In an effort to deter immigrants from attempting to enter the United States, the Department of Homeland Security (DHS) and the Department of Health and Human Services (HHS) have proposed new regulations that would replace the standard of care for non-citizen children in the United States.
“We believe that this proposal presents a grave and urgent risk to the health and well-being of non-citizen children and their families and would have important negative consequences for the United States,” wrote Ryan Matlow, PhD, and Daryn Reicherter, MD, of the Department of Psychiatry and Behavioral Sciences at the Stanford University School of Medicine in Palo Alto, California, in a perspective piece published in the New England Journal of Medicine.
Drs Matlow and Reicherter lay out alternatives to the proposed regulations and call on health professionals to take action.
The proposed regulations are likely to result in a litany of traumatizing experiences for young children that may well lead to long-term psychological harm. For example, facing constant stress and trauma in childhood can lead to psychological dysfunction. Research has shown that the DHS facilities are not adequate and do not meet the basic standards of care for children.
Drs Matlow and Reicherter advise both DHS and HHS to address the issue of a large number of immigrants coming into the United States in a way that will not have a negative impact on people for the rest of their lives. To do this, they recommend upholding the current standards from the 1997 Flores Settlement Agreement and following additional guidelines set by the Substance Abuse and Mental Health Services Administration.
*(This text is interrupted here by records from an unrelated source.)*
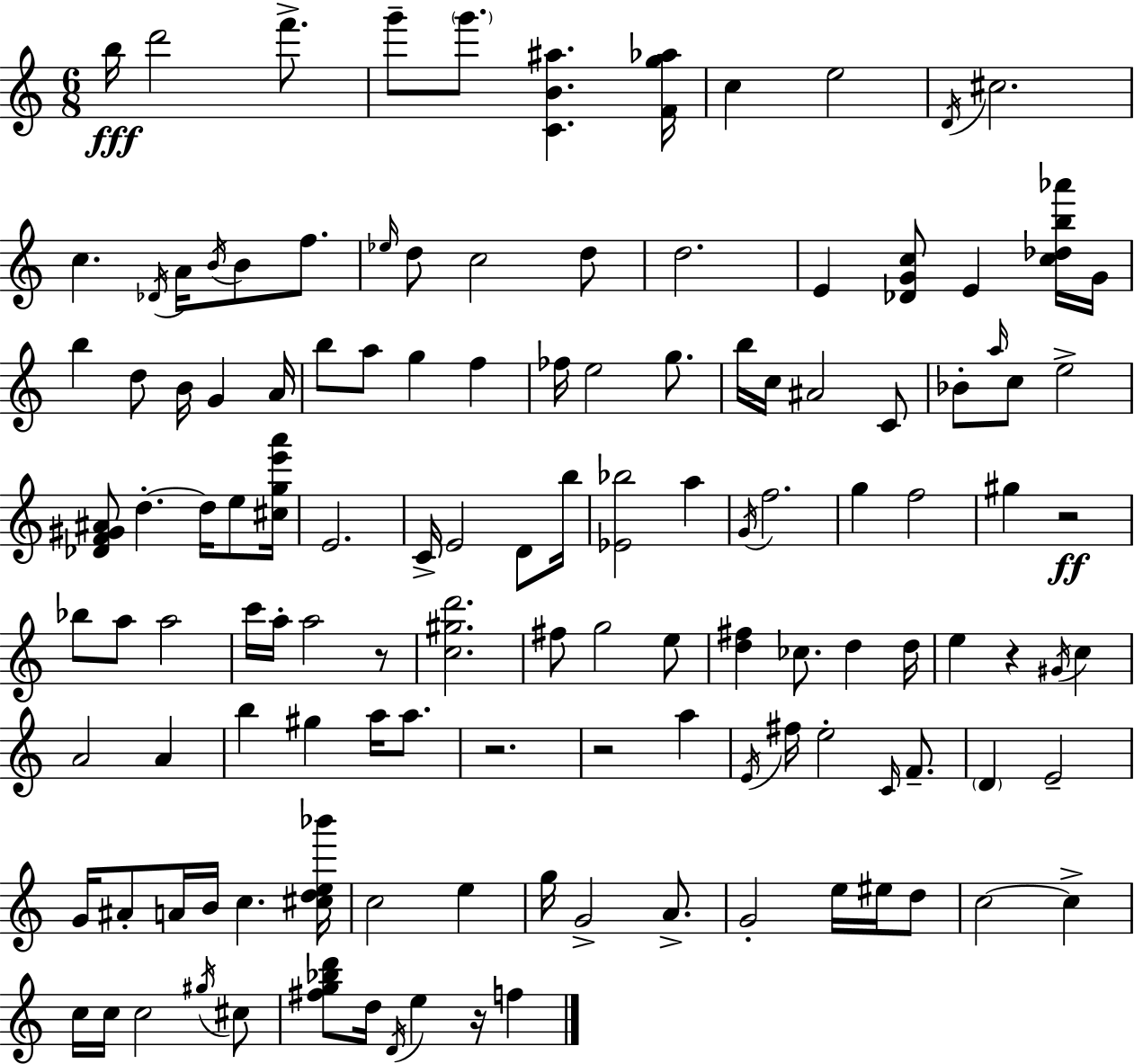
X:1
T:Untitled
M:6/8
L:1/4
K:Am
b/4 d'2 f'/2 g'/2 g'/2 [CB^a] [Fg_a]/4 c e2 D/4 ^c2 c _D/4 A/4 B/4 B/2 f/2 _e/4 d/2 c2 d/2 d2 E [_DGc]/2 E [c_db_a']/4 G/4 b d/2 B/4 G A/4 b/2 a/2 g f _f/4 e2 g/2 b/4 c/4 ^A2 C/2 _B/2 a/4 c/2 e2 [_DF^G^A]/2 d d/4 e/2 [^cge'a']/4 E2 C/4 E2 D/2 b/4 [_E_b]2 a G/4 f2 g f2 ^g z2 _b/2 a/2 a2 c'/4 a/4 a2 z/2 [c^gd']2 ^f/2 g2 e/2 [d^f] _c/2 d d/4 e z ^G/4 c A2 A b ^g a/4 a/2 z2 z2 a E/4 ^f/4 e2 C/4 F/2 D E2 G/4 ^A/2 A/4 B/4 c [^cde_b']/4 c2 e g/4 G2 A/2 G2 e/4 ^e/4 d/2 c2 c c/4 c/4 c2 ^g/4 ^c/2 [^fg_bd']/2 d/4 D/4 e z/4 f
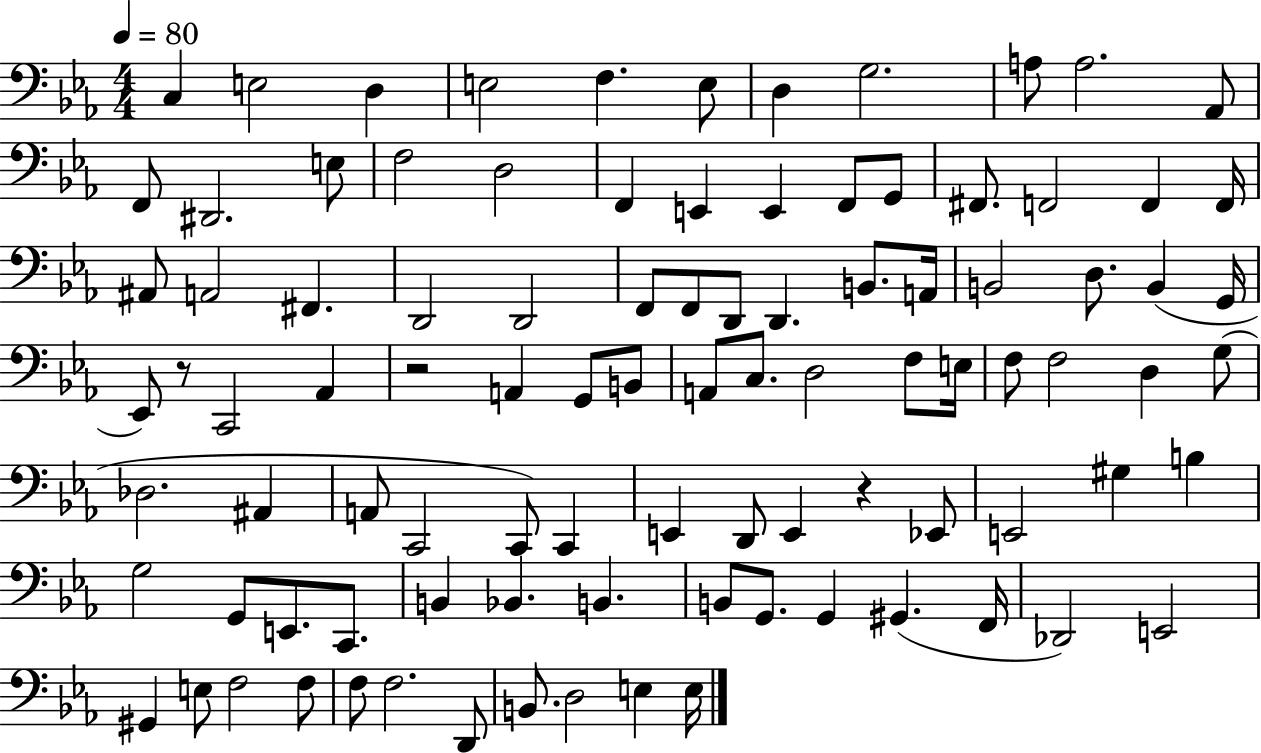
X:1
T:Untitled
M:4/4
L:1/4
K:Eb
C, E,2 D, E,2 F, E,/2 D, G,2 A,/2 A,2 _A,,/2 F,,/2 ^D,,2 E,/2 F,2 D,2 F,, E,, E,, F,,/2 G,,/2 ^F,,/2 F,,2 F,, F,,/4 ^A,,/2 A,,2 ^F,, D,,2 D,,2 F,,/2 F,,/2 D,,/2 D,, B,,/2 A,,/4 B,,2 D,/2 B,, G,,/4 _E,,/2 z/2 C,,2 _A,, z2 A,, G,,/2 B,,/2 A,,/2 C,/2 D,2 F,/2 E,/4 F,/2 F,2 D, G,/2 _D,2 ^A,, A,,/2 C,,2 C,,/2 C,, E,, D,,/2 E,, z _E,,/2 E,,2 ^G, B, G,2 G,,/2 E,,/2 C,,/2 B,, _B,, B,, B,,/2 G,,/2 G,, ^G,, F,,/4 _D,,2 E,,2 ^G,, E,/2 F,2 F,/2 F,/2 F,2 D,,/2 B,,/2 D,2 E, E,/4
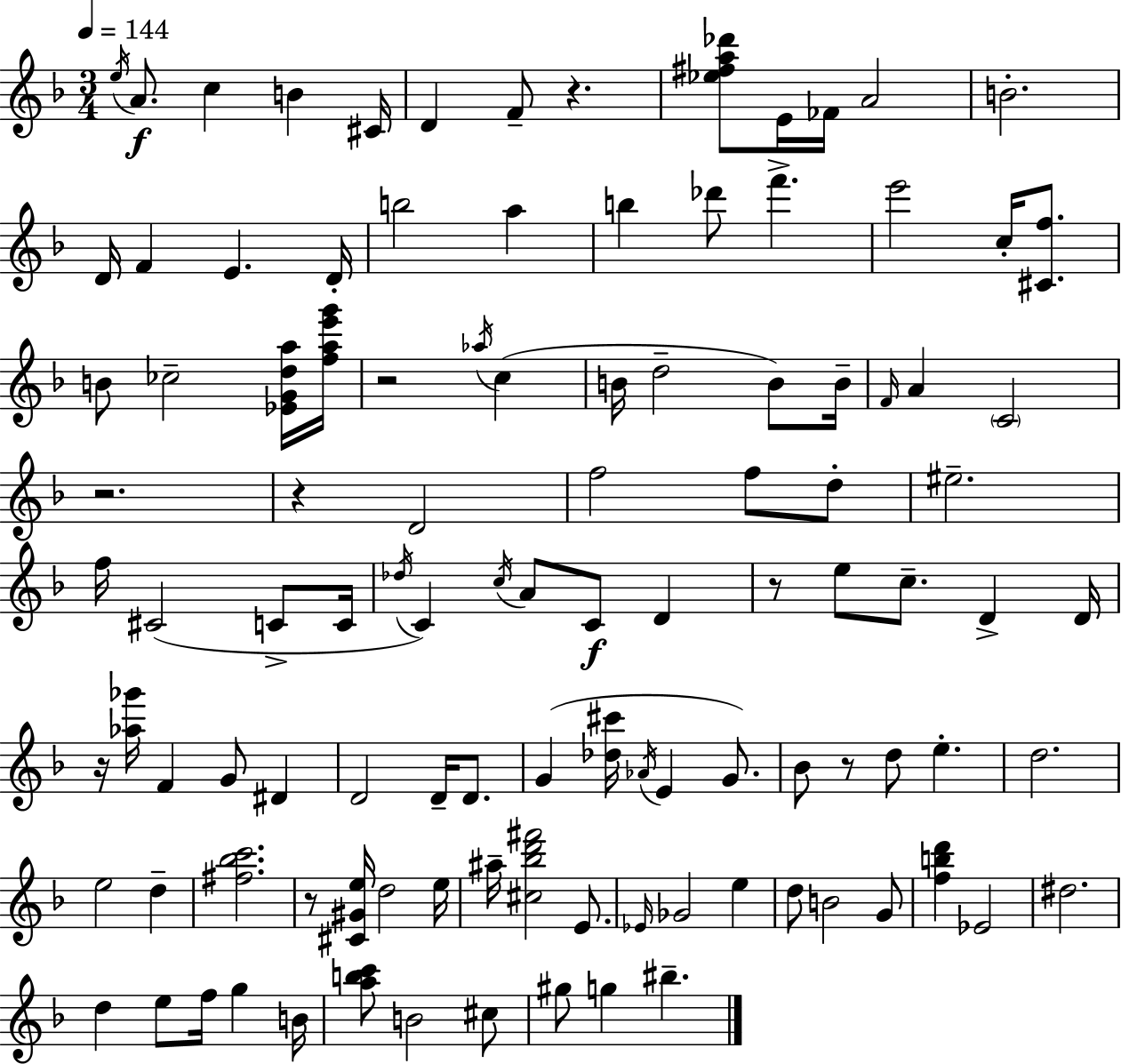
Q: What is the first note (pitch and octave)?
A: E5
This public health issue is something that healthcare professionals can help solve.
“Health professionals have an immediate opportunity to relay concerns about the harms associated with recent and proposed changes to U.S. immigration policy by means of policy advocacy and engagement with legislative representatives,” the investigators concluded.
Matlow R, Reicherter D. Reducing protections for noncitizen children — exacerbating harm and trauma. N Engl J Med. 2019;380:5-7.